Below is the written text for my speech. They gave me only five minutes to cover the historic highs and lows of U.S. immigration history, but I was honored to try. Other speakers offered a wide variety of perspectives both personal and profound. They are listed at the bottom along with a link to the Washington Post live stream video of the rally. There is also a link for contributions to the four groups working for immigrant rights.

I have been laying low on social media in recent months, working on a book, but I hope to take a more active part in national dialogue again soon.


Remarks by Taylor Branch

“City of Immigrants” Rally
Baltimore Beth Am Synagogue
February 13, 2017

Thanks to Beth Am, the organizers, and all of you for coming.

The issue that brings us here has deep roots in American history. Our founding heritage is compromised by embarrassment and disgrace regarding immigrants, but also, as with slavery, it contains profound inspiration with tools for freedom.

I submit two tasks tonight. First we must ground ourselves in democratic principle. Second, we must recognize that those principles require personal engagement across the inhibiting lines that divide our nation and the world.

In 1790, America’s first naturalization law required an aspiring immigrant to be “a free white person.” For nearly two centuries afterward, our leading intellectuals helped nativists secure the “white person” standard within a pseudo-scientific hierarchy of races, always with white people on top.

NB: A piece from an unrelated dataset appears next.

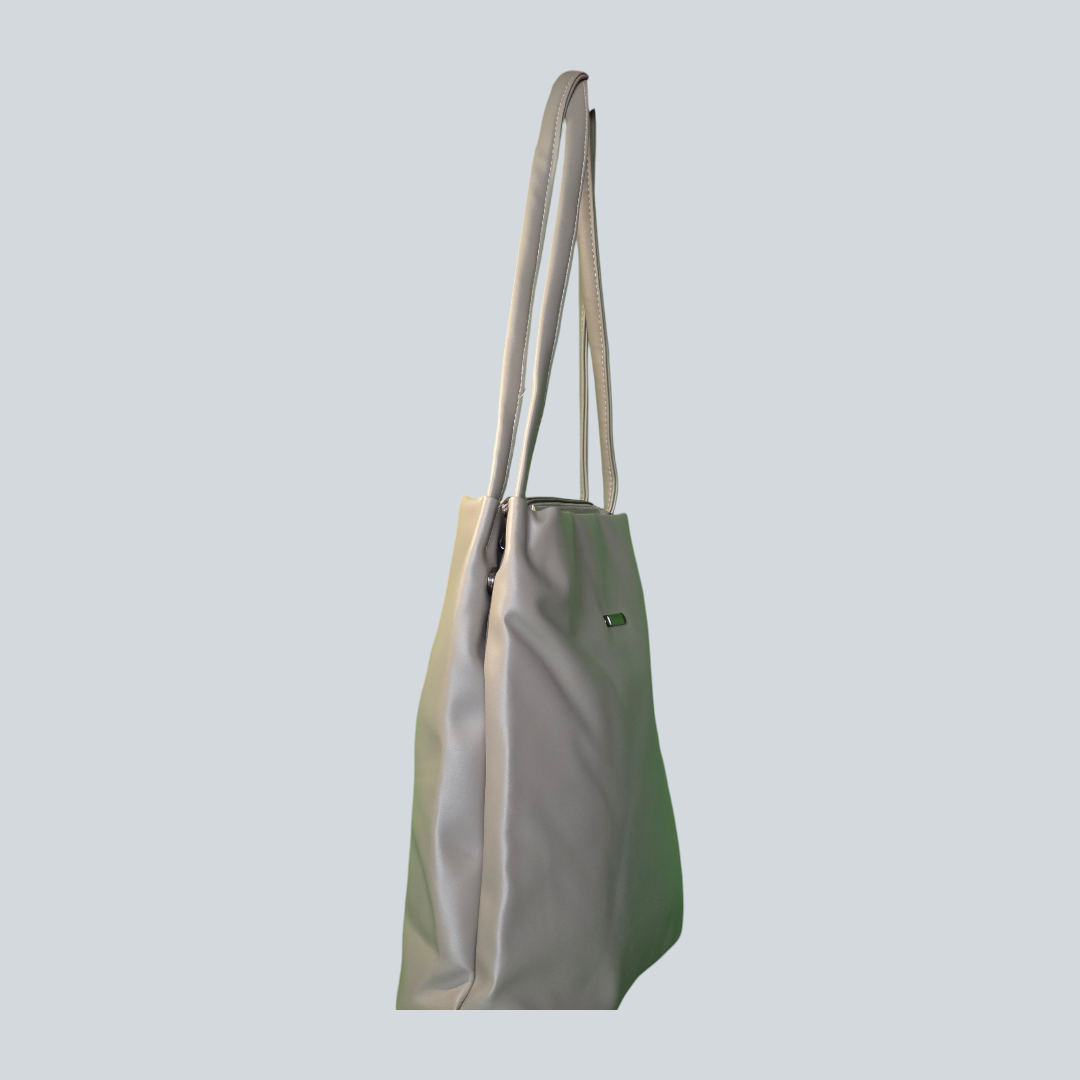 ‘Elara Flow’ Classic Shoulder Bag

In the late 19th Century, Hopkins professor Robert Bean weighed brains, seeking to prove that white ones were heavier and therefore smarter. John Fiske at Harvard analyzed the wrinkles in brain lobes, and phrenologists measured the angles of foreheads and jawbones. Anthropologists catalogued up to 34 distinct shades of skin color. The founders of sociology, psychology, and many other social sciences joined naturalists to make eugenics a centerpiece of progressive movements to improve mankind by making foreigners more like themselves.

In 1907, Congress raised the stakes of whiteness by mandating that any American woman who married a non-white immigrant would be stripped of her own citizenship without trial. Such exclusions persisted in spite of contradiction and embarrassment. Definitions floundered over basic categories, let alone details. Eminent social scientists counted variously three, five, eleven, sixteen, on up to sixty-three distinct races.

Worse, the whole idea of a “Caucasian” race turned out to rest on a single sample shipped in 1795 to Johann von Blumenbach, a founder of sociology, who said this lone skull from the Caucasus resembled German specimens in his collection. On this flimsy basis, some people today still think they are being scientifically precise when they refer to someone as “Caucasian.”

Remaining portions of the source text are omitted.